European colonials in the 16th through 20th century were most definitely not similar to Iron Age versus Stone Age contact. The bulk of US actions against the Native Americans in the West occurred around ~1870[1]. "Might makes right" is poor justification for those who ostensibly professed ideals from the teachings of Jesus Christ, the Renaissance, the Enlightenment, and the Age of Reason. I think we are right to judge European colonials harshly by their own moral standards.

[1] See the book, "Bury My Heart at Wounded Knee"

Fine, but then you have to answer the question "what does that justify?"

Abolition of the Colonial government and establishment of a new more diverse and inclusive BIPOC-led anarcho-socialist collective?

Do we though?
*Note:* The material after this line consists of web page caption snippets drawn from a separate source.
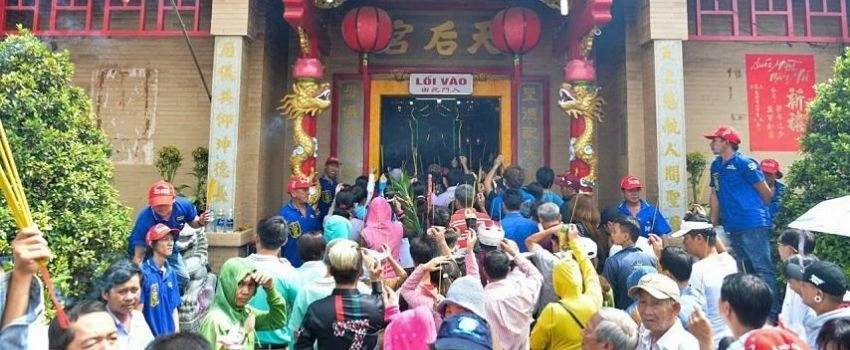 fete-de-la-pagode-de-ba-vietnam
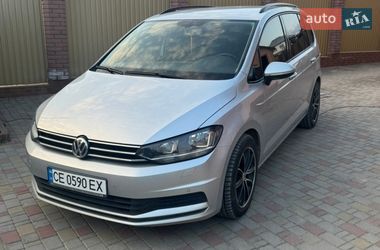 Микровэн Volkswagen Touran 2017 в Черновцах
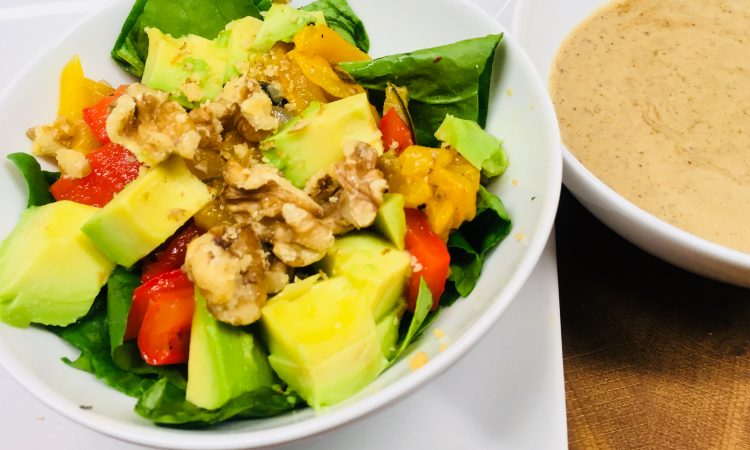 Paprika Avocado Salat mit Dattel Walnuss Vinaigrette
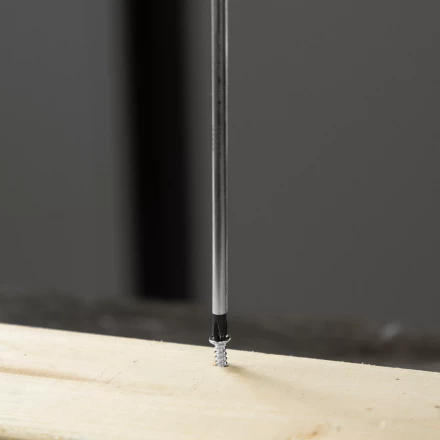 Отвертка, PH0х100 мм, S2, 3к рукоятка Denzel 121727 купить в Новом Уренгое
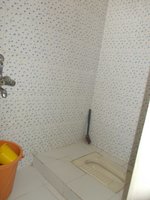 Sub Unit : bathrooms 1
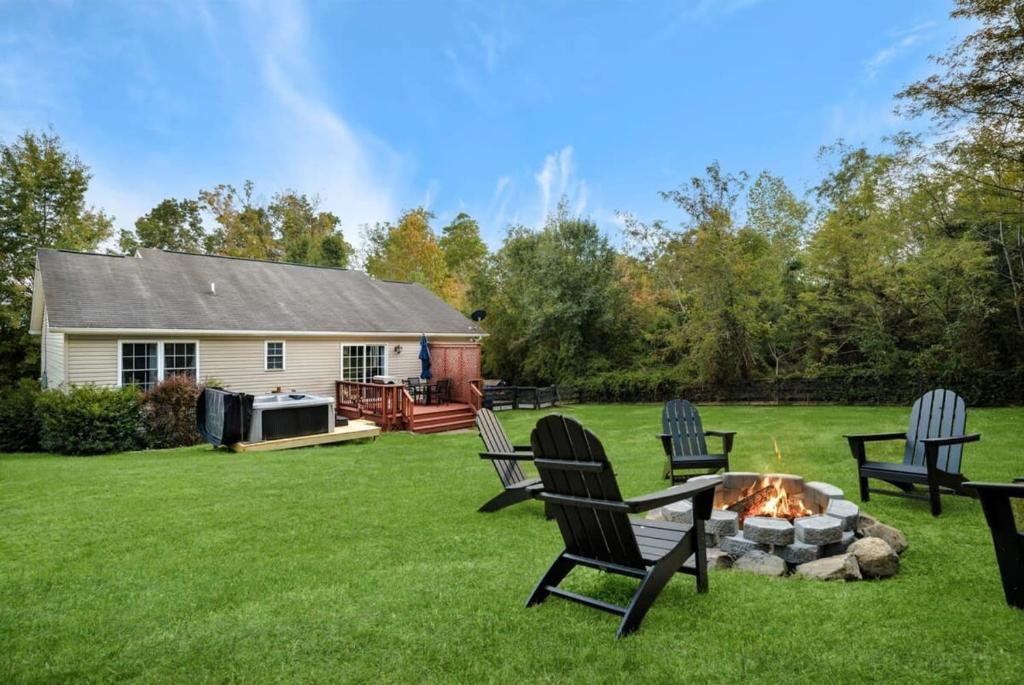 Modern Cottage Hot Tub River Access Fire Pit photo 4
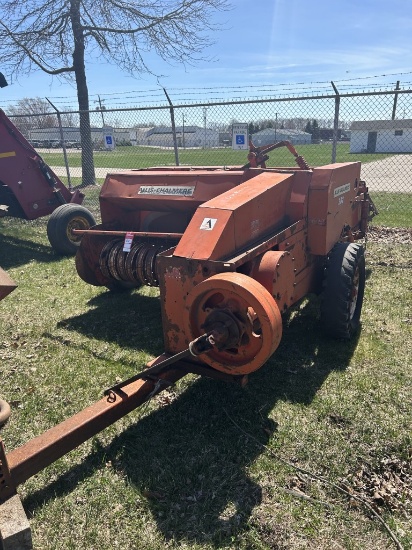 ALLIS CHALMERS 302 SQUARE BALER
I have no idea where you're getting your second sentence from.

Judging by your username as "no tankies" and reading your comment history I can see you have a keen interest in political arguments. In general comments that insert politically divisive issues into unrelated posts tend to be downvoted on HN, as yours was. This isn't just a liberal bias thing, but happens when people bash Trump on posts that were previously not political. If you continue to post on HN I would encourage you to set politics aside, as they are almost always against the guidelines (see the "guidelines" link at the bottom of the page).

I was fortunate enough to use the airmail beacon system to navigate a flight between Helena and Missoula, MT several years ago. I did my initial flight training in Missoula and didn’t quite realize how rare the air beacon system really was. One night I did a training flight between the two cities using primarily the beacons and it was like that scene in Lord of the Rings. There is very little light pollution at night out there in the mountains, and the beacons were clearly visible on top of several peaks, like a breadcrumb trail leading me along. It’s still one of my favorite aviation memories.

Sadly, some years ago Montana Aeronautics announced that they won’t be repairing broken beacons anymore. I think there’s only a few remaining, not enough to navigate by.